One of the most enduring and frequent consequences of the Chernobyl disaster has been the stigmatization of those exposed, in part because of fear that radiation has caused lasting genetic damage that will be passed on to children. A trio study involving whole genome sequencing of children and their parents did not find evidence of transgenerational impact from germline mutations. A similar study is planned among the atomic bomb survivors in Hiroshima and Nagasaki. Still, literature concerning the consequences of the Chernobyl disaster has repetitively documented its consequences for mental health and wellbeing stemming from a multiplicity of factors, including dislocation and loss of employment. Prior to joining the Colorado School of Public Health, I reviewed the relevant literature through 2014 in a project supported by Green Cross Switzerland. This review and focus groups carried out with Kiev International Institute of Sociology (KIIS) confirmed the persistence of mental health challenges among the survivors. Ukraine, in particular, and the world more generally do not need another nuclear disaster.

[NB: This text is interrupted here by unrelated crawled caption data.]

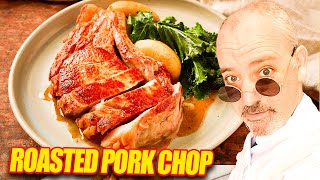 Esta Sim E A Melhor Costelinha De Porco Assada No Forno  Oven Roasted Pork Chop [upl. by Wahlstrom468]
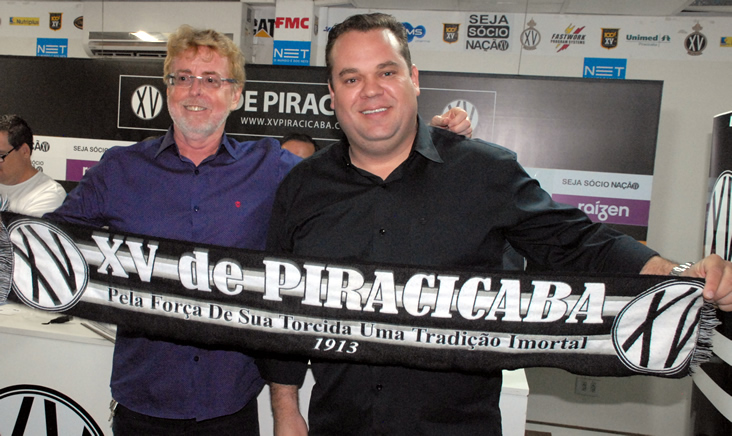 Celso Christofoletti é eleito o novo presidente do XV de Piracicaba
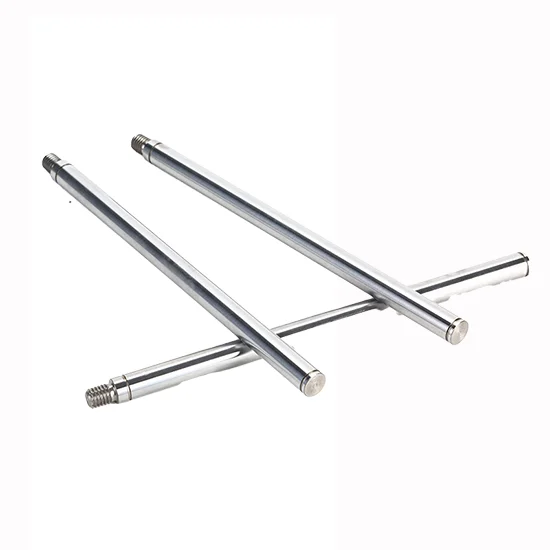 CNC Shaft Stainless Steel Long Straight Spline Shaft  motor Shaft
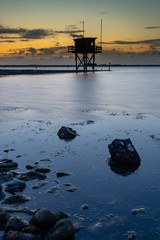 Sunset at Scharendijke Zeeland, Netherlands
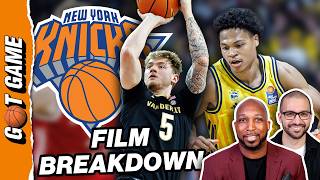 What are Knicks getting in second-round picks Jack Kayil & Tyler Nickel? | NY Got Game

To date, there have been five major disasters involving nuclear power plants: Kyshtym in the Urals; Windscale in the United Kingdom; Three Mile Island in Pennsylvania; Chernobyl in Ukraine; and Fukushima in Japan. Risk models over the decades predict that such disasters are very low probability, albeit with high impact, but these five demonstrate that they do occur. The disasters involved design flaws and the impossibility of fail-safe mechanisms that can anticipate all human follies. And mistakes made by operators are not independent events, but they can pile on to produce catastrophe as with Chernobyl. There are various already available accounts of each disaster; a new book, Atoms and Ashes: A Global History of Nuclear Disasters, by Serhii Plokhy describes the five disasters for those wanting to read more.
The Kyshtym disaster, kept secret by the Soviet Union when it happened in 1957, contaminated villages along the Techa River. About 40 years later, I led a group for the U.S. Department of Energy to the region, which houses the Mayak nuclear complex, to establish a collaborative research program with Soviet scientists: the Joint Coordinating Committee for Radiation Effects Research (JCCRER). Studies of the exposed population and of workers were initiated, but I understand that this collaborative program has now been ended. The other disasters were also followed by research initiatives with highly controversial findings reported for the Windscale disaster.
I write this just before leaving for a meeting in New Mexico, a state broadly impacted by nuclear weapons and nuclear power. An extraordinary photographer and artist, Patrick Nagatani, captured this impact in his book Nuclear Enchantment. We were colleagues while I was at the University of New Mexico and I benefited from several personal and passionate introductions to his work. Take a look at his work.
Please hope that stupidity does not lead to disaster. And welcome to new students—you will have much to do in your careers.